Caption-style text data:
>>

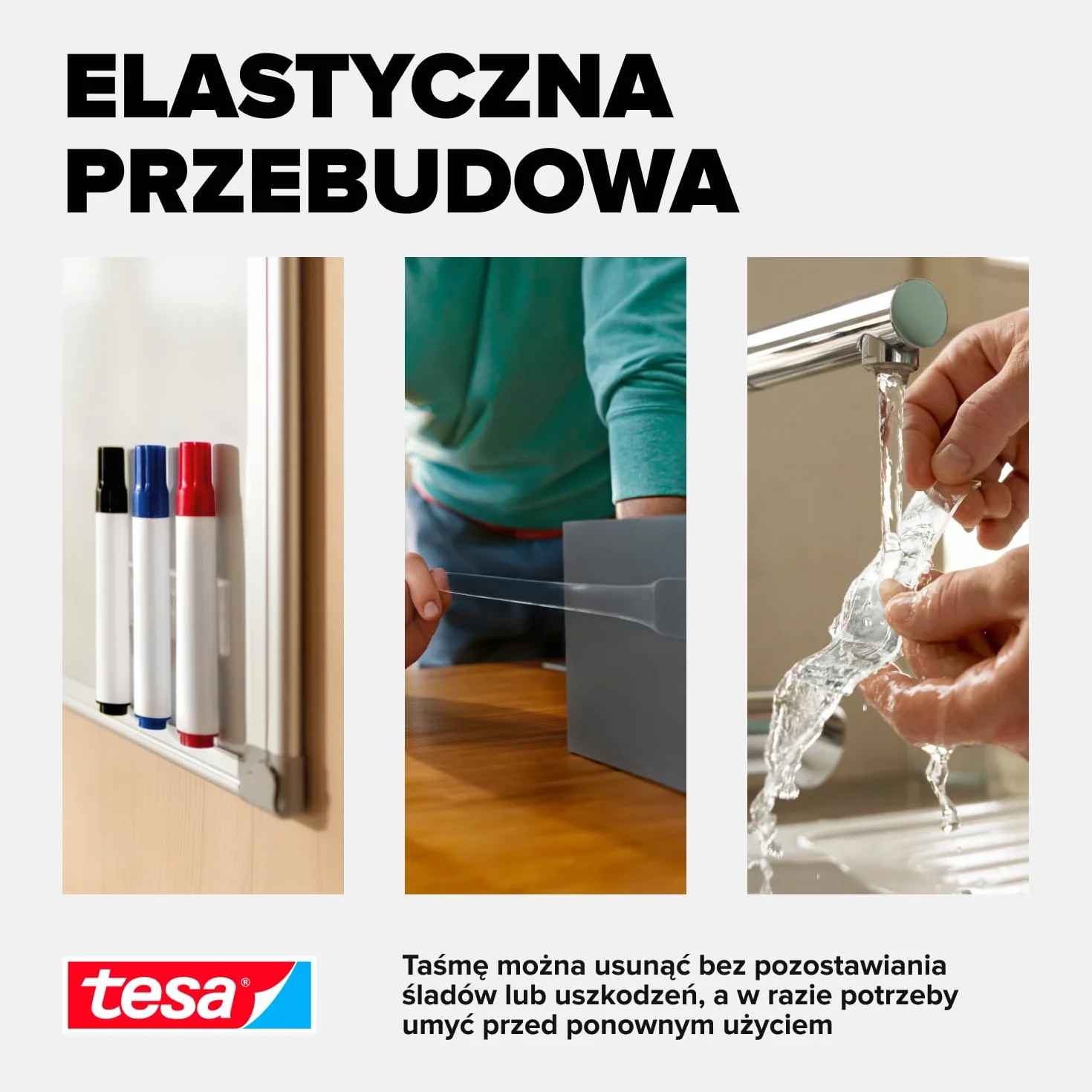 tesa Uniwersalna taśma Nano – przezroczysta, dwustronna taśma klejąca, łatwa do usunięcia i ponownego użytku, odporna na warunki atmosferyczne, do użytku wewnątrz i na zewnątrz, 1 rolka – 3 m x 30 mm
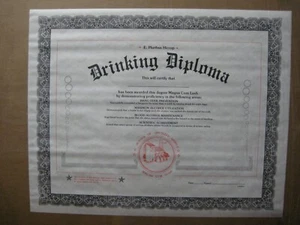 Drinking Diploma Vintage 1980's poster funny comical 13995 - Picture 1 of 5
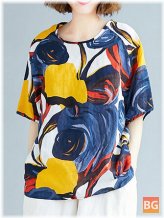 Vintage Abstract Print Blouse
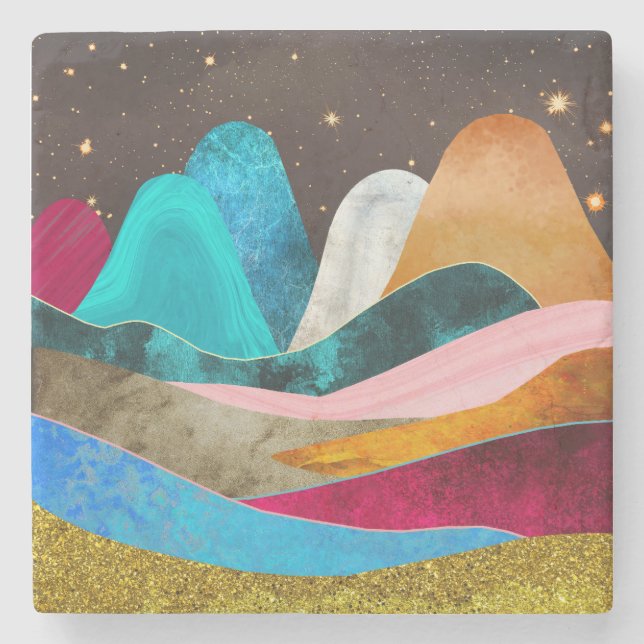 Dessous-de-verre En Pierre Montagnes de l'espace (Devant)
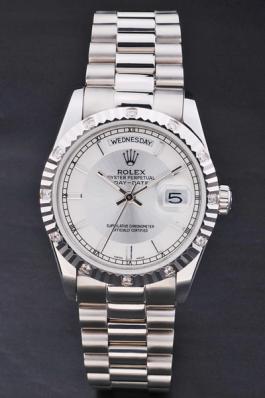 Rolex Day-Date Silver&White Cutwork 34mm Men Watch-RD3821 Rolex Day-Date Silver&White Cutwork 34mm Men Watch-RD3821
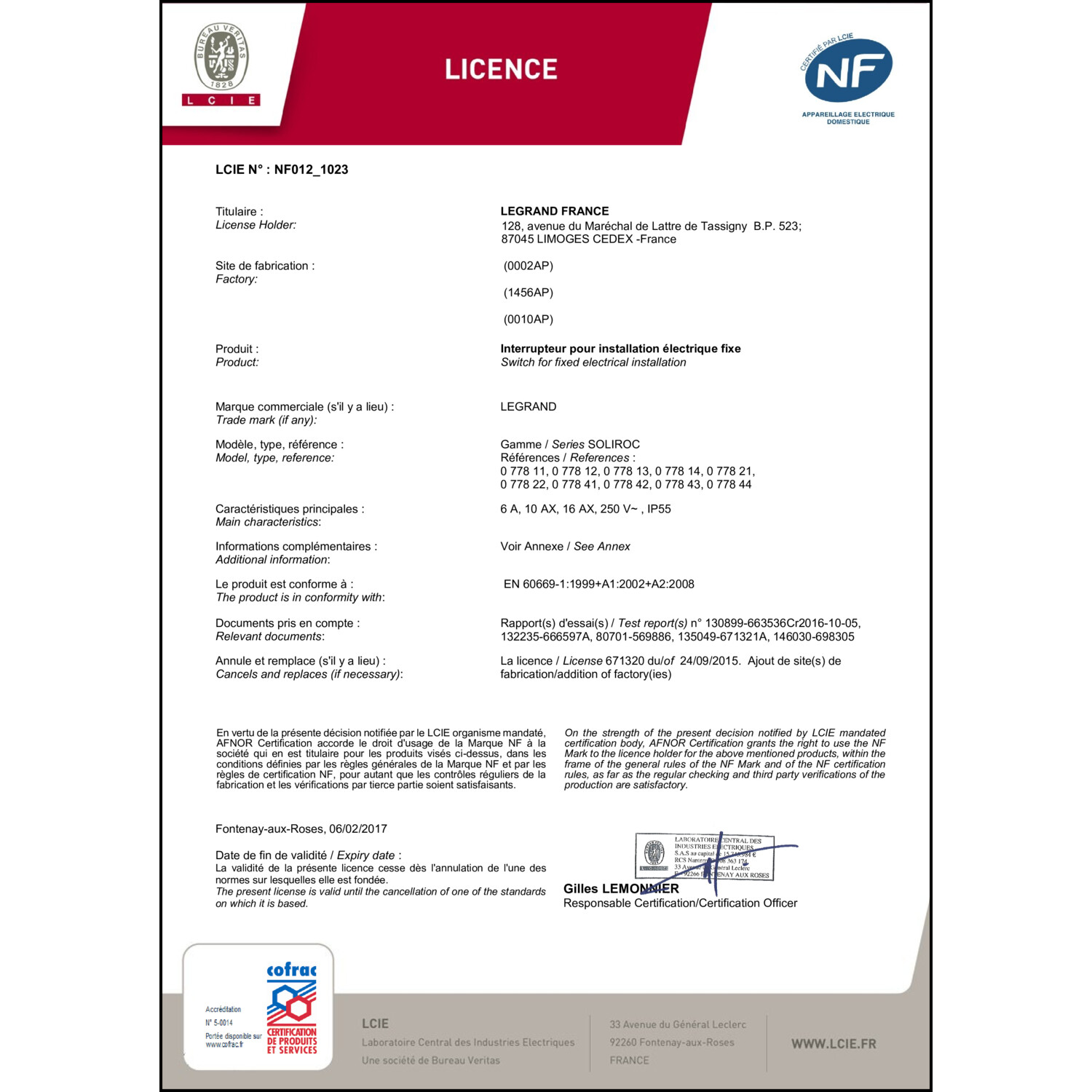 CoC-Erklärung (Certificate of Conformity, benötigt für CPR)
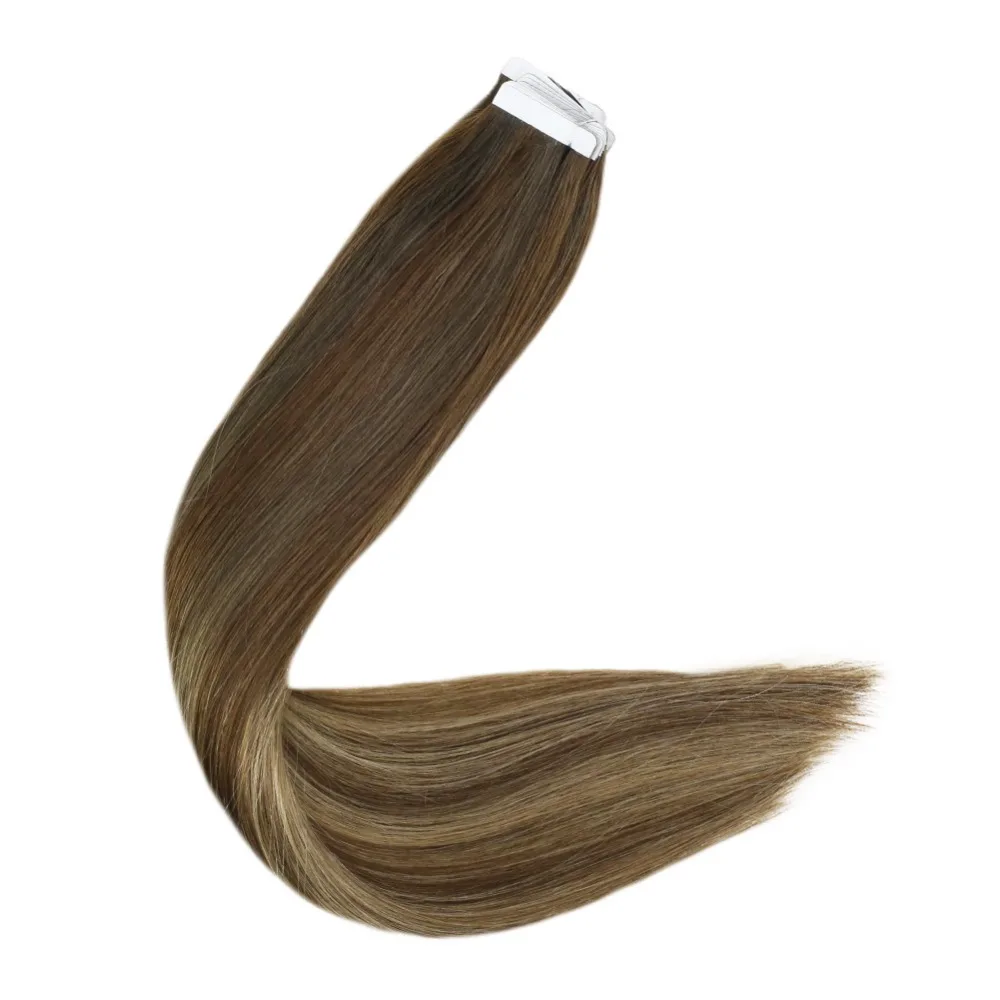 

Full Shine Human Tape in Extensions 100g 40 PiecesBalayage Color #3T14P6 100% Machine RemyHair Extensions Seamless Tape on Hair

<<

◆ **Activity**
The response should be the lines from the one containing "Rolex Day-Date Silver&White Cutwork 34mm Men Watch-RD3821 Rolex" through the final line of the records, reproduced exactly and with every picture left out.

◆ **Exercise output**
 Rolex Day-Date Silver&White Cutwork 34mm Men Watch-RD3821 Rolex Day-Date Silver&White Cutwork 34mm Men Watch-RD3821
 CoC-Erklärung (Certificate of Conformity, benötigt für CPR)

Full Shine Human Tape in Extensions 100g 40 PiecesBalayage Color #3T14P6 100% Machine RemyHair Extensions Seamless Tape on Hair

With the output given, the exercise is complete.